Task to carry out. Repeat the listing below in full and exactly. Pictures are to be omitted.

Information provided.

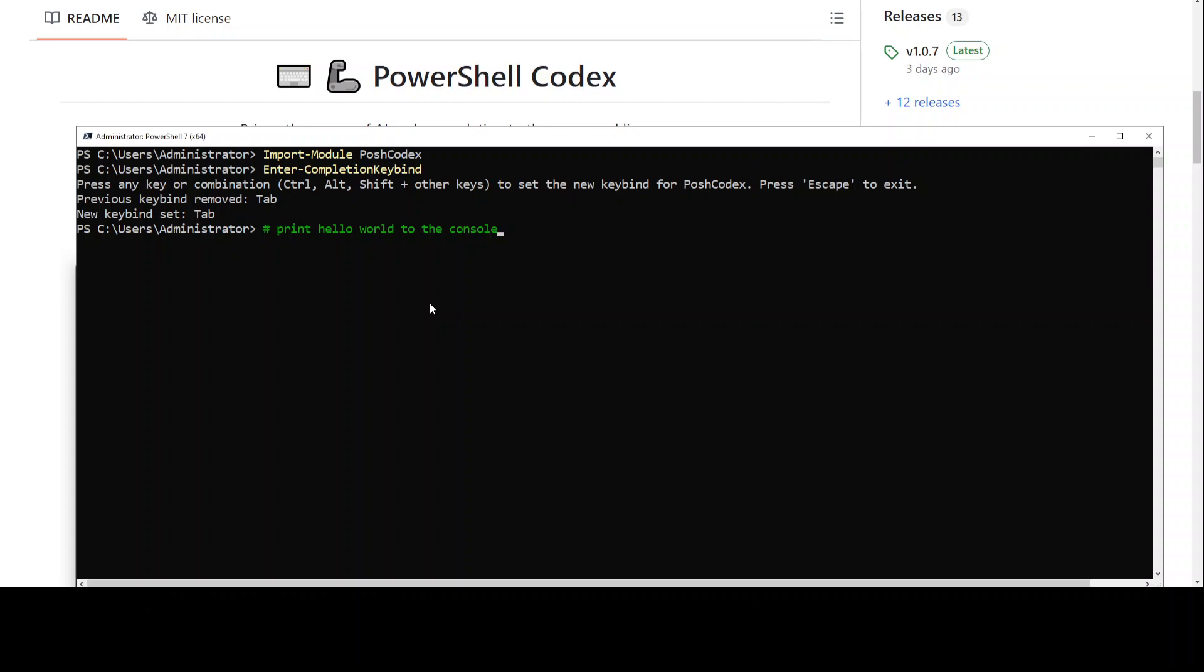What it means is that, for example, if on the PowerShell prompt you say something like 'print hello to the console,' I'm just going to remove this hash, so this is the command I want to run. After the console, just press Tab here once and that is going to trigger your plugin. It takes a bit of time.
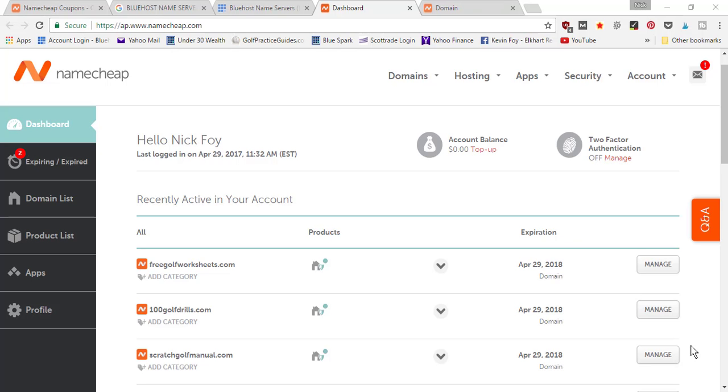Okay, so for those of you who purchase your domain names on a third party website that's different from your hosting company, you're going to have to connect your domain name back to your hosting company. In my case, I always use namecheap.com.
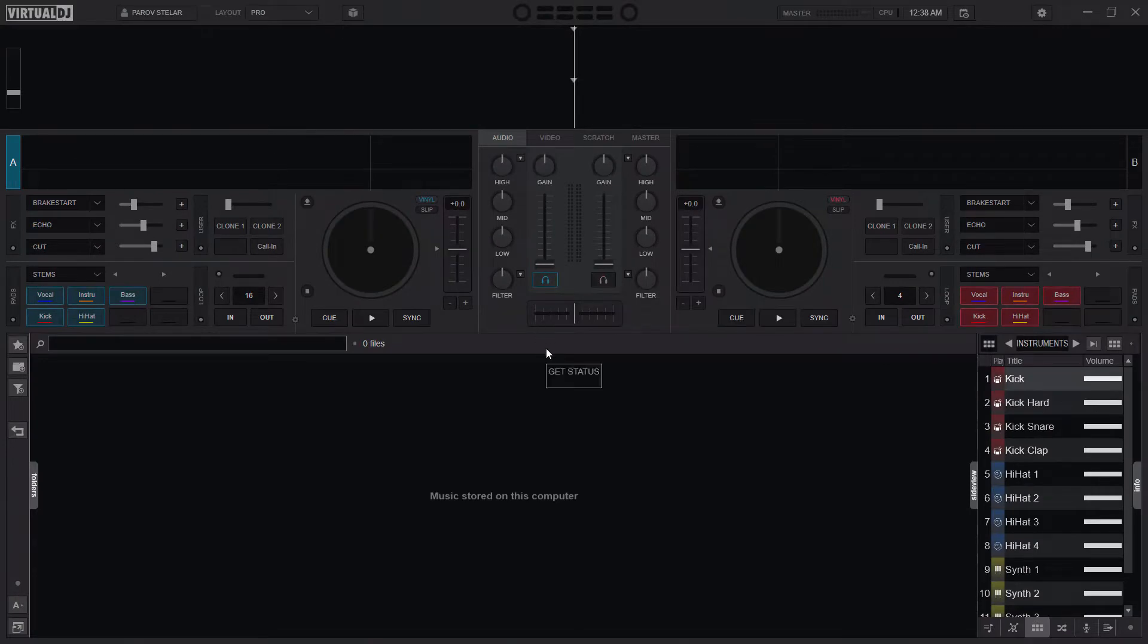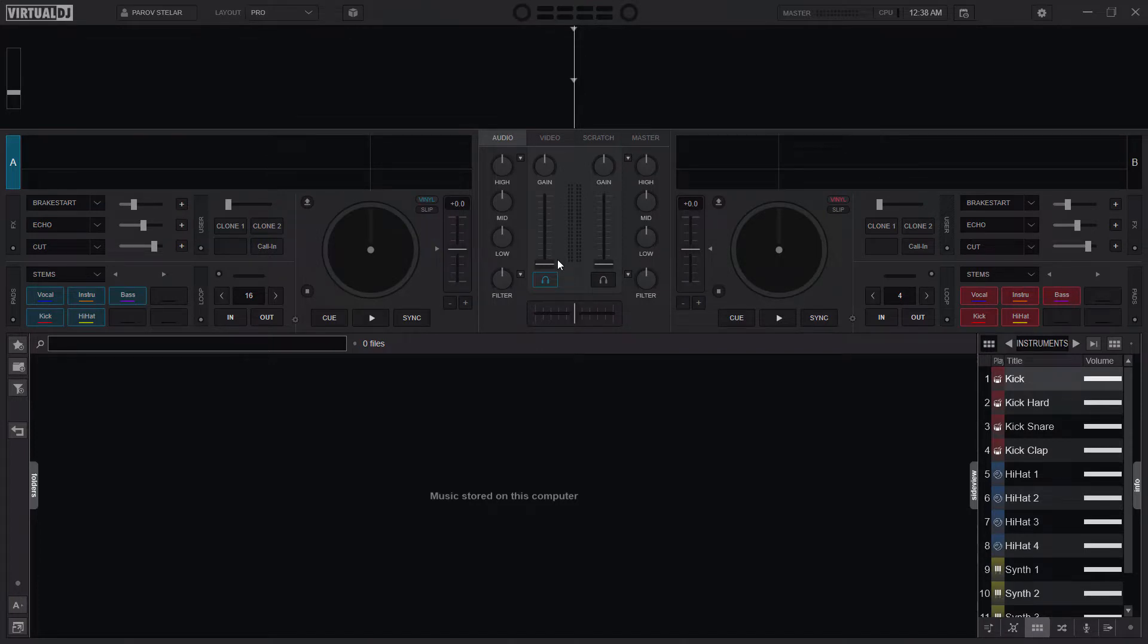Now the problem with starting your Virtual DJ with the level at 100%, sometimes even when you have your controller connected and your controller is at 0%, Virtual DJ still starts at 100% volume level.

Task result.
What it means is that, for example, if on the PowerShell prompt you say something like 'print hello to the console,' I'm just going to remove this hash, so this is the command I want to run. After the console, just press Tab here once and that is going to trigger your plugin. It takes a bit of time.
Okay, so for those of you who purchase your domain names on a third party website that's different from your hosting company, you're going to have to connect your domain name back to your hosting company. In my case, I always use namecheap.com.
Now the problem with starting your Virtual DJ with the level at 100%, sometimes even when you have your controller connected and your controller is at 0%, Virtual DJ still starts at 100% volume level.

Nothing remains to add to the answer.